Álvaro Obregón contendió por segunda ocasión a la Presidencia para el periodo 1928-1932, luego de desdeñar a los candidatos propuestos por Plutarco Elías Calles. Seguro de su poder, agitó a sus incondicionales del Congreso en busca de una reforma al artículo 83 constitucional, que permitiera la reelección en periodos no consecutivos. El texto se modificó el 22 de enero de 1927 cuando Calles, a regañadientes, debió oficializarla: “(El Presidente) no podrá ser electo para el periodo inmediato. Pasado éste, podrá desempeñar nuevamente el cargo, (…) sólo por un periodo más”. Paradójicamente, al calce de la enmienda, estaba inscrito el lema de Madero: “Sufragio efectivo. No reelección”.

Histriónico, Obregón mantuvo un perfil neutro cuando la prensa le preguntó si, bajo la nueva normativa, participaría en los comicios.
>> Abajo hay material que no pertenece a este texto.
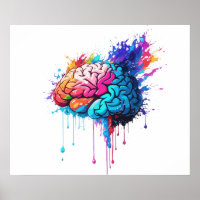 Creative Colourful Brain Splash Artwork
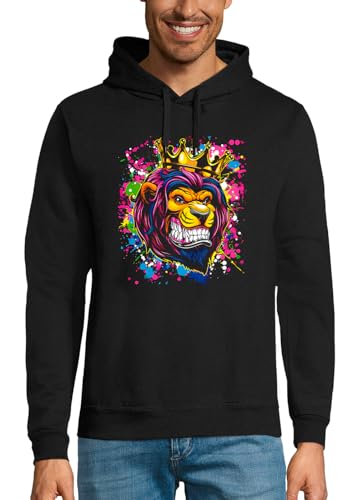 Sweat Lion Fluorescent Homme Original pour Briller en Festival et Club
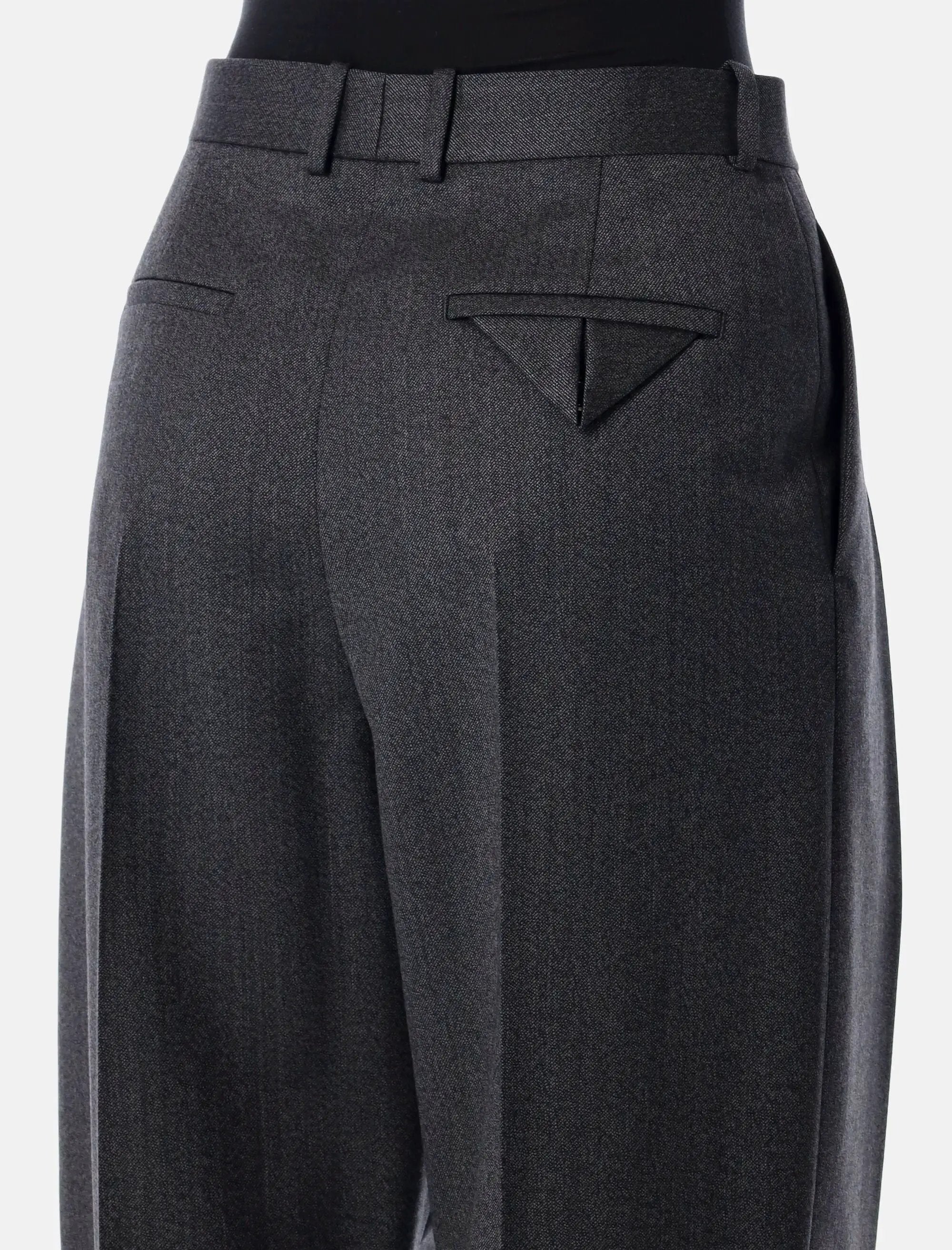 Grey Moiré Wool Pleated Trousers Bottega veneta оригінал – Купити в Україні – детальний вид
Lo cierto es que ya estaba preparando el terreno para su nuevo gobierno y, meses después, inició su campaña. Los jefes militares, nerviosos por los usos de la época —fusilar a todos aquellos que no se apegaran a los mandatos del Ejecutivo—, se dividían entre respaldar la candidatura o velar por sus intereses; y la Iglesia católica, temerosa de que la persecución cristera se perpetuara, hizo correr el rumor de que el sonorense esperaría a que depusieran las armas para asesinar a los fieles que se habían sublevado.

Con diversos frentes abiertos en su contra, Obregón marchó por el país expuesto a las conspiraciones de sus adversarios. En su peregrinar fue víctima de sucesivas traiciones y atentados. Durante la pugna electoral, el caudillo que volvía a disputar la silla se enfrentó con dos hombres que le habían sido cercanos: Arnulfo R. Gómez y Francisco Serrano. El primero había declarado que estaba dispuesto a todo para ganar la carrera presidencial, incluso al uso de la fuerza, y el segundo se proclamó representante del antireeleccionismo.
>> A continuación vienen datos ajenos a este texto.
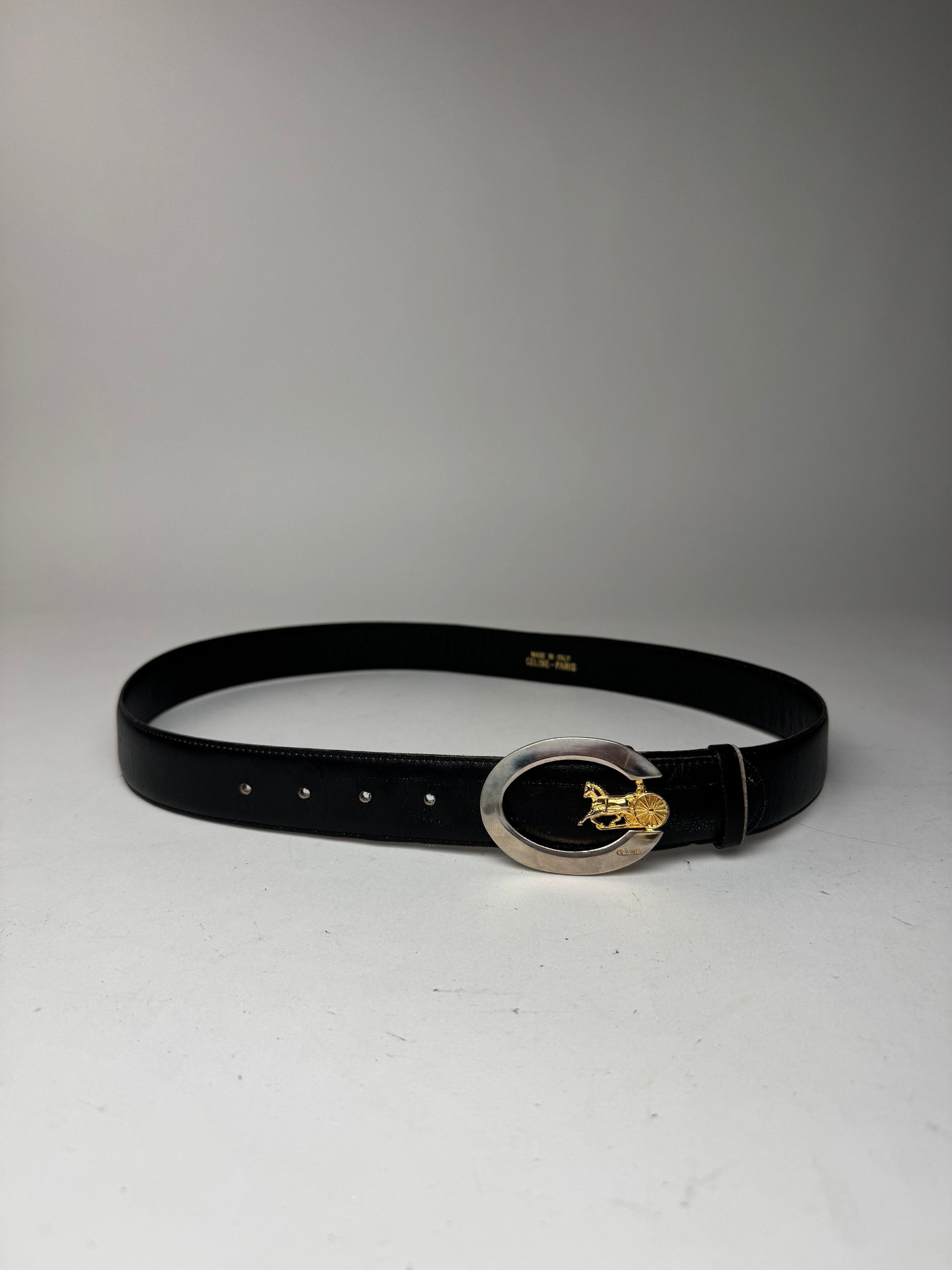 Celine Vintage Paris Carriage Logo Leather belt black Size ONE SIZE - 7 Thumbnail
Dispuesto a aliarse con Gómez, Serrano buscó el apoyo de Calles para fingir un golpe de Estado que le permitiera apresar a Obregón y tener el camino libre para erigirse máximo mandatario. Con las cartas sobre la mesa, Calles decidió contactar con las fuerzas obregonistas para ponerlas sobre aviso y garantizarles su ayuda. Aunque hay versiones encontradas respecto al contubernio de Serrano y Gómez, el primero fue capturado en Cuernavaca y asesinado, sin juicio de por medio, en el poblado de Huitzilac, el 3 de octubre de 1927. El segundo pereció fusilado en Coatepec apenas unos días más tarde, siendo abandonado por todos sus amigos de la cúpula política.

Ya sin opositores, Obregón puso en marcha la segunda parte de su plan, consistente en ampliar el periodo presidencial de cuatro a seis años. La maquinaria legislativa operó la nueva modificación al numeral 83 de la Carta Magna el 24 de enero de 1928, casi seis meses antes de la votación: “El Presidente entrará a ejercer su cargo el primero de diciembre, durará en él seis años y nunca podrá ser reelecto para el periodo inmediato”. A diferencia de lo que había ocurrido el año anterior, la prensa no hizo eco de la extensión.

El caudillo triunfó en las urnas sin contratiempos y se preparó para recibir su investidura. Viajó a la capital convencido de que sólo él podía resolver las problemáticas más urgentes del país, como lo eran la pacificación de los cristeros, las cuestiones obrera y agraria, y el descontento estudiantil. Acaso se habrá preguntado cómo lo recordarían las nuevas generaciones luego de haber pasado una década en el poder. Después de sobrevivir a las peripecias de la guerra y a diversos intentos de homicidio, su principal preocupación era su legado, y veía de lejos la muerte.